WHAT YOU WILL DO: Your answer should give again, exactly, the lines from the beginning of the entries below through the line containing "A plecat din". It must contain no pictures.

Captioned web images:
+++

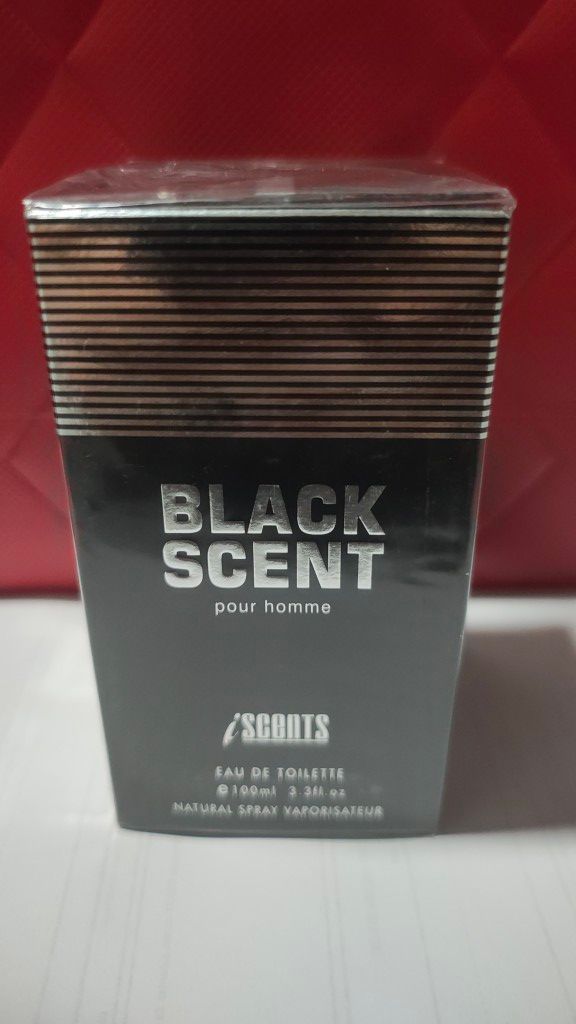 Black Scent Eau de Toilette
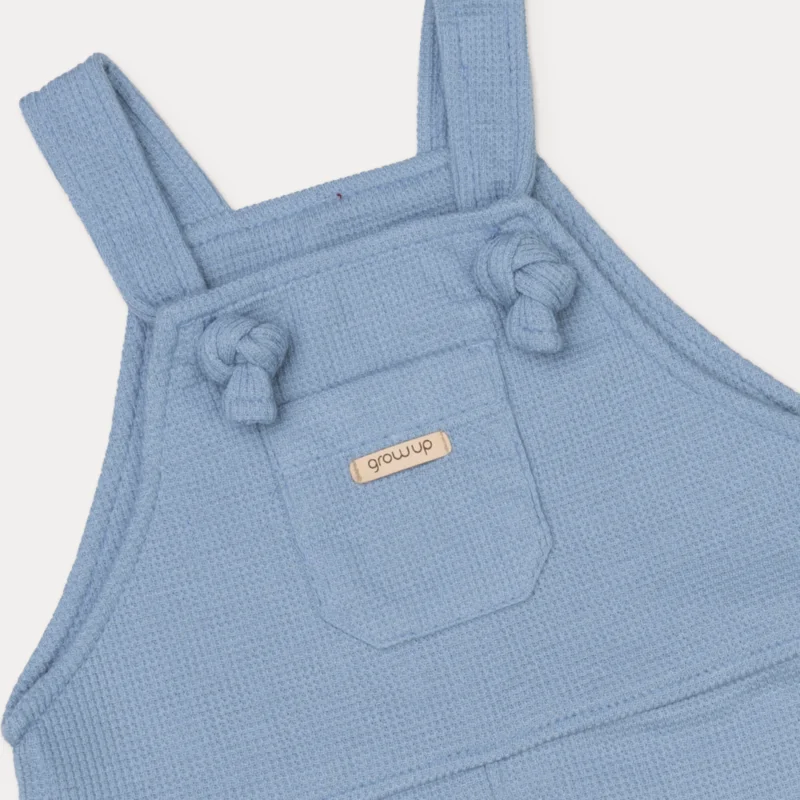 Jardineira Easy Wear - Grow Up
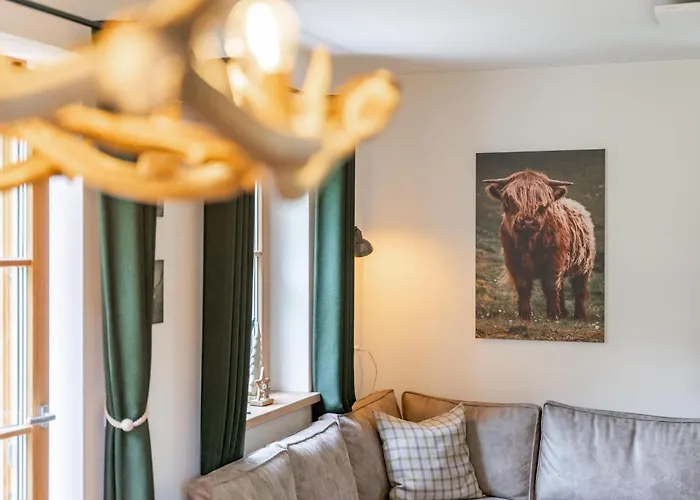 Chalet Sperlingnest *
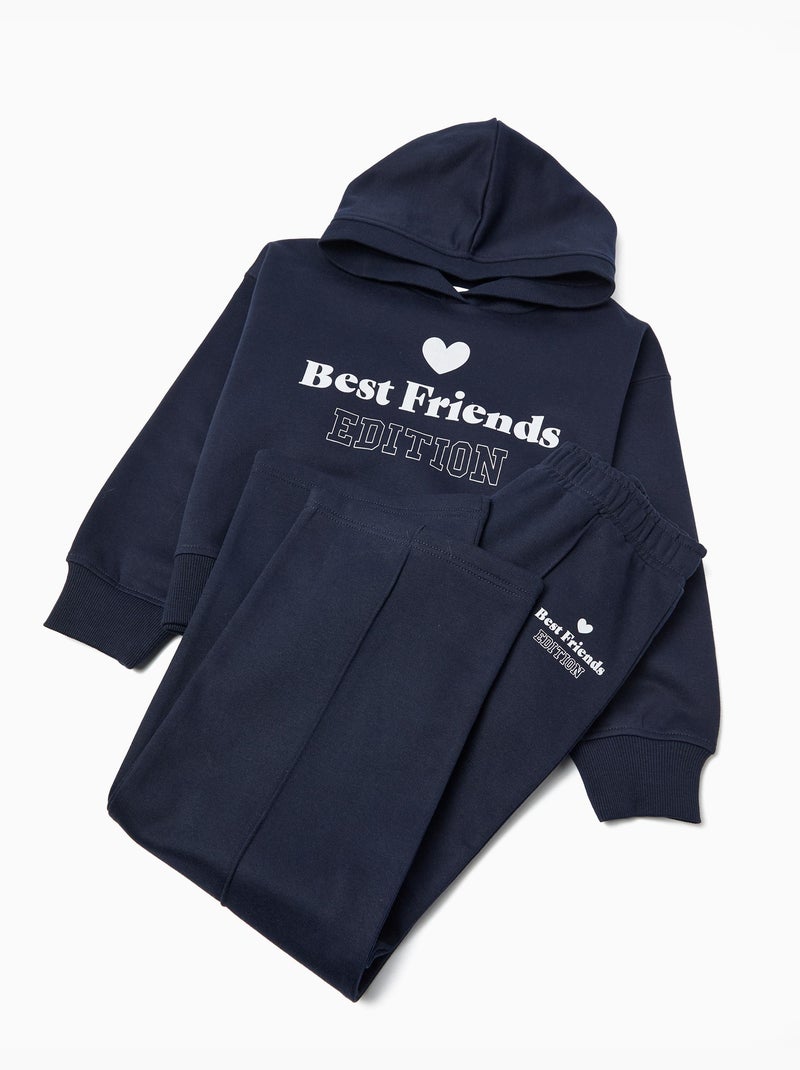 Tuta da jogging, MO Fashion Blu - Kiabi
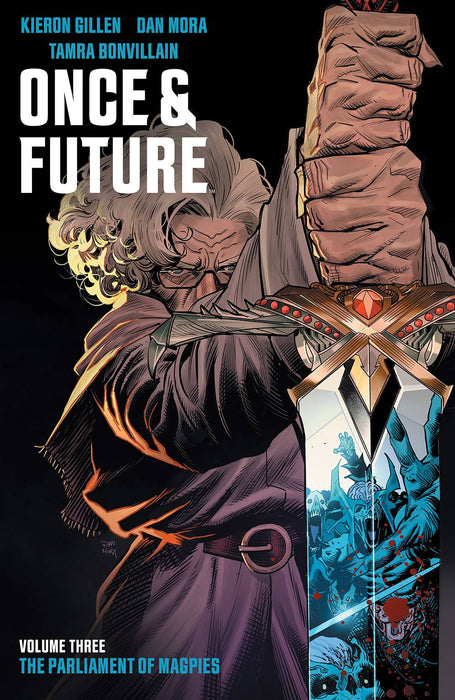 ONCE & FUTURE TP VOL 03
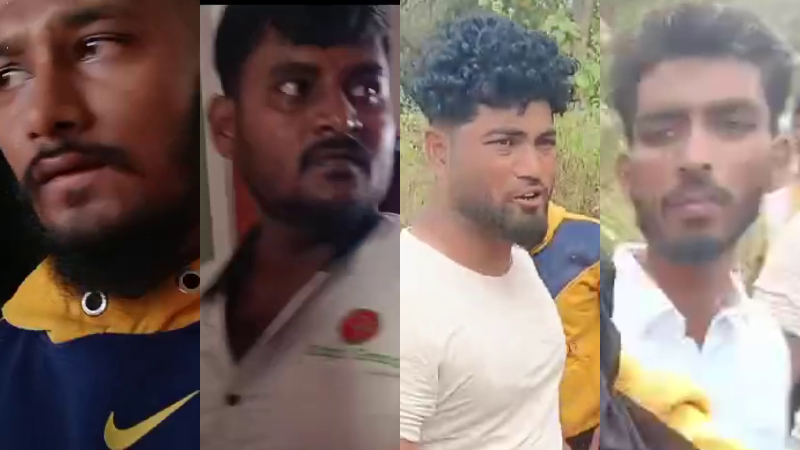 Assault On Interfaith Couple Sparks Outrage In Karnataka 88 Moral policing: Man, woman of different communities in hotel room thrashed by youths -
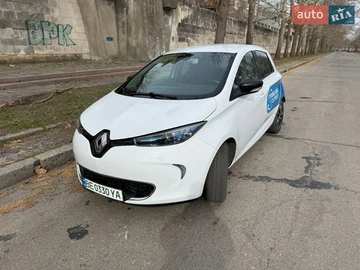 Авто Renault Zoe 2019 № 8619786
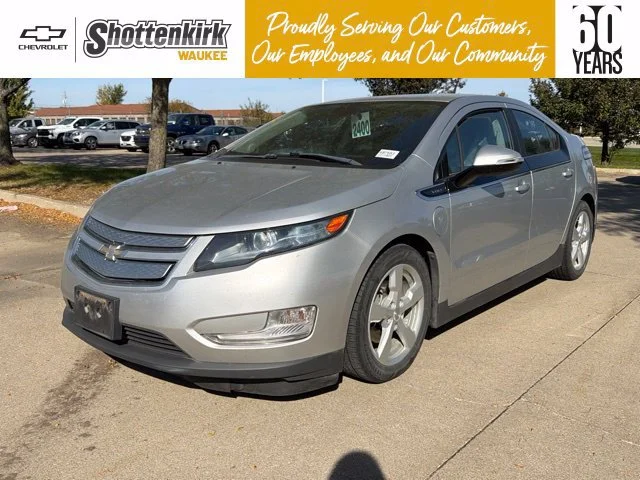 2013 Chevrolet Volt Base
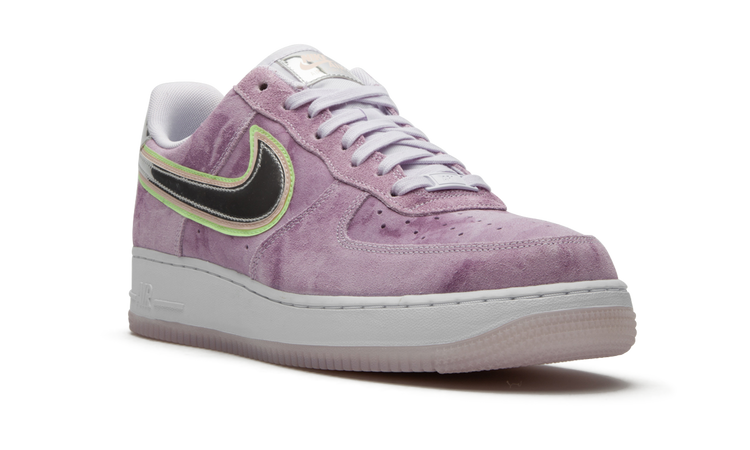 Nike WMNS Air Force 1 07' P(Her)spective CW6013 500 Apex Sneakers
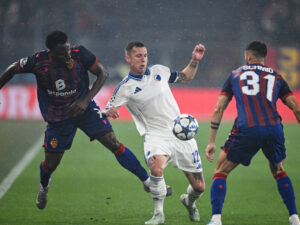 A plecat din SuperLigă în 2024 și acum poate ajunge în Champions League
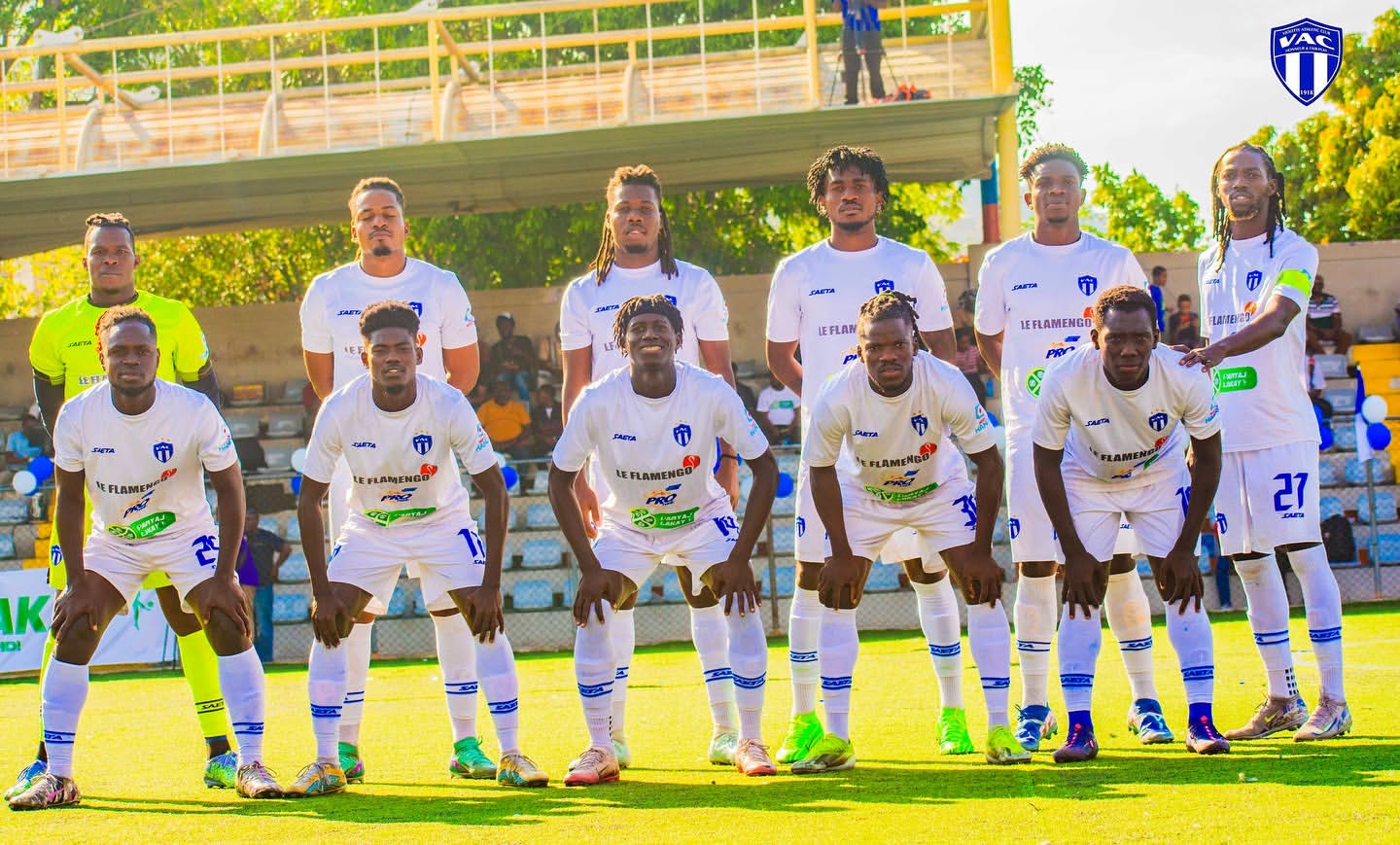 Caribbean Cup: le Violette AC lance sa campagne ce mardi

+++

WORKED SOLUTION:
 Black Scent Eau de Toilette
 Jardineira Easy Wear - Grow Up
 Chalet Sperlingnest *
 Tuta da jogging, MO Fashion Blu - Kiabi
 ONCE & FUTURE TP VOL 03
 Assault On Interfaith Couple Sparks Outrage In Karnataka 88 Moral policing: Man, woman of different communities in hotel room thrashed by youths -
 Авто Renault Zoe 2019 № 8619786
 2013 Chevrolet Volt Base
 Nike WMNS Air Force 1 07' P(Her)spective CW6013 500 Apex Sneakers
 A plecat din SuperLigă în 2024 și acum poate ajunge în Champions League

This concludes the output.